(Source records)
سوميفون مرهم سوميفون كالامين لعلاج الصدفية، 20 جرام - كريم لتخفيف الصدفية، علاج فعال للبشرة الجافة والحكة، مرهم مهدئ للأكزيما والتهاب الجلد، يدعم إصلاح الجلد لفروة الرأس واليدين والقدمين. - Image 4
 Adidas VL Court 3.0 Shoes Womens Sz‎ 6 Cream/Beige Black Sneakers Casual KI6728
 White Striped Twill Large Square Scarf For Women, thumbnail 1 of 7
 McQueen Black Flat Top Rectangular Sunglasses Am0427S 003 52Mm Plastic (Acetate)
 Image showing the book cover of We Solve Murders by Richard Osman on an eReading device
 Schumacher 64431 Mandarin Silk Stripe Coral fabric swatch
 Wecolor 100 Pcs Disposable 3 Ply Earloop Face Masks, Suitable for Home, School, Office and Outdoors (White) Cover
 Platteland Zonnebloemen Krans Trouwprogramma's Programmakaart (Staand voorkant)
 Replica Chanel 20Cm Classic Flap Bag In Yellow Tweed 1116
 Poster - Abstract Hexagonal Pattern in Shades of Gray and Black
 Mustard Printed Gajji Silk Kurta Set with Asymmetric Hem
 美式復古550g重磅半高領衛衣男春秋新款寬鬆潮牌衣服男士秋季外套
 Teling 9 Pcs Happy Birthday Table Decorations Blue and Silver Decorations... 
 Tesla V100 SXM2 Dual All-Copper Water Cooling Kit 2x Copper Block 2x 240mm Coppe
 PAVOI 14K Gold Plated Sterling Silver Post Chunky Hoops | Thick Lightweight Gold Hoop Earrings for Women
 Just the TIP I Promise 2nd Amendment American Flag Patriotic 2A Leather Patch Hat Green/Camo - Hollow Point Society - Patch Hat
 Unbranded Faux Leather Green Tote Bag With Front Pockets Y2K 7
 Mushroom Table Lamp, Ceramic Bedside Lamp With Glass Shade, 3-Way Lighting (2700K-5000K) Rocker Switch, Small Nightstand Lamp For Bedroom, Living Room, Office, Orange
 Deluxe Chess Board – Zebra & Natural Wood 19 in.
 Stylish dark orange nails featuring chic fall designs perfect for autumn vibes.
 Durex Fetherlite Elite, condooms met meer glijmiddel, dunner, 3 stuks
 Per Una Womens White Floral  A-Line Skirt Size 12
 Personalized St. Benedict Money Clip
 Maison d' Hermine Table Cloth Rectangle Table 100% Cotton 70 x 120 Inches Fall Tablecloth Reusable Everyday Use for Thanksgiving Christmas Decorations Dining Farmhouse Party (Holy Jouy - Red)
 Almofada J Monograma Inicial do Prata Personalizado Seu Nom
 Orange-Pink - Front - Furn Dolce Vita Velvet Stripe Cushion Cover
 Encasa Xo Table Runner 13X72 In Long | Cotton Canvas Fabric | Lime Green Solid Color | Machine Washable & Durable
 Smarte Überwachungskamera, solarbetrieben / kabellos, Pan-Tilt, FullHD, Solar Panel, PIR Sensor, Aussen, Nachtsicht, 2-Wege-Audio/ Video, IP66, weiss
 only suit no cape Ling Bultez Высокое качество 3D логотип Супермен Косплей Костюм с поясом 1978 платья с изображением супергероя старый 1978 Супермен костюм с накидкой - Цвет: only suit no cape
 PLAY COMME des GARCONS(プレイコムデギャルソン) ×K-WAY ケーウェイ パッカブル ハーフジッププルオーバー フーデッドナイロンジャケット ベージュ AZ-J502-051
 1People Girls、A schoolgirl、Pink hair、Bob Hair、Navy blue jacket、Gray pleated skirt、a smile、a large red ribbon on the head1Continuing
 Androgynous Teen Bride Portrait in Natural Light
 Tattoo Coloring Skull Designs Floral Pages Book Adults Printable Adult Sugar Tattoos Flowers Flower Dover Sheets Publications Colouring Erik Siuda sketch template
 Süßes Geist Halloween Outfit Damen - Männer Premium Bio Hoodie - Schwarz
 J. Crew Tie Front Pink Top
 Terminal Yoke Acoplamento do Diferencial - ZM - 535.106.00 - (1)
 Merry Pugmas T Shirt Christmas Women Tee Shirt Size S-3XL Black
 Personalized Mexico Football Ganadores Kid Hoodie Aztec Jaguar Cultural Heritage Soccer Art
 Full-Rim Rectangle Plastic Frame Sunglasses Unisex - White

THE TASK
Find the line with "White Striped Twill" in the entries above. Retype it and each line after it, exactly, through the line with "Tesla V100 SXM2", and stop there.

WRITTEN ANSWER
 White Striped Twill Large Square Scarf For Women, thumbnail 1 of 7
 McQueen Black Flat Top Rectangular Sunglasses Am0427S 003 52Mm Plastic (Acetate)
 Image showing the book cover of We Solve Murders by Richard Osman on an eReading device
 Schumacher 64431 Mandarin Silk Stripe Coral fabric swatch
 Wecolor 100 Pcs Disposable 3 Ply Earloop Face Masks, Suitable for Home, School, Office and Outdoors (White) Cover
 Platteland Zonnebloemen Krans Trouwprogramma's Programmakaart (Staand voorkant)
 Replica Chanel 20Cm Classic Flap Bag In Yellow Tweed 1116
 Poster - Abstract Hexagonal Pattern in Shades of Gray and Black
 Mustard Printed Gajji Silk Kurta Set with Asymmetric Hem
 美式復古550g重磅半高領衛衣男春秋新款寬鬆潮牌衣服男士秋季外套
 Teling 9 Pcs Happy Birthday Table Decorations Blue and Silver Decorations... 
 Tesla V100 SXM2 Dual All-Copper Water Cooling Kit 2x Copper Block 2x 240mm Coppe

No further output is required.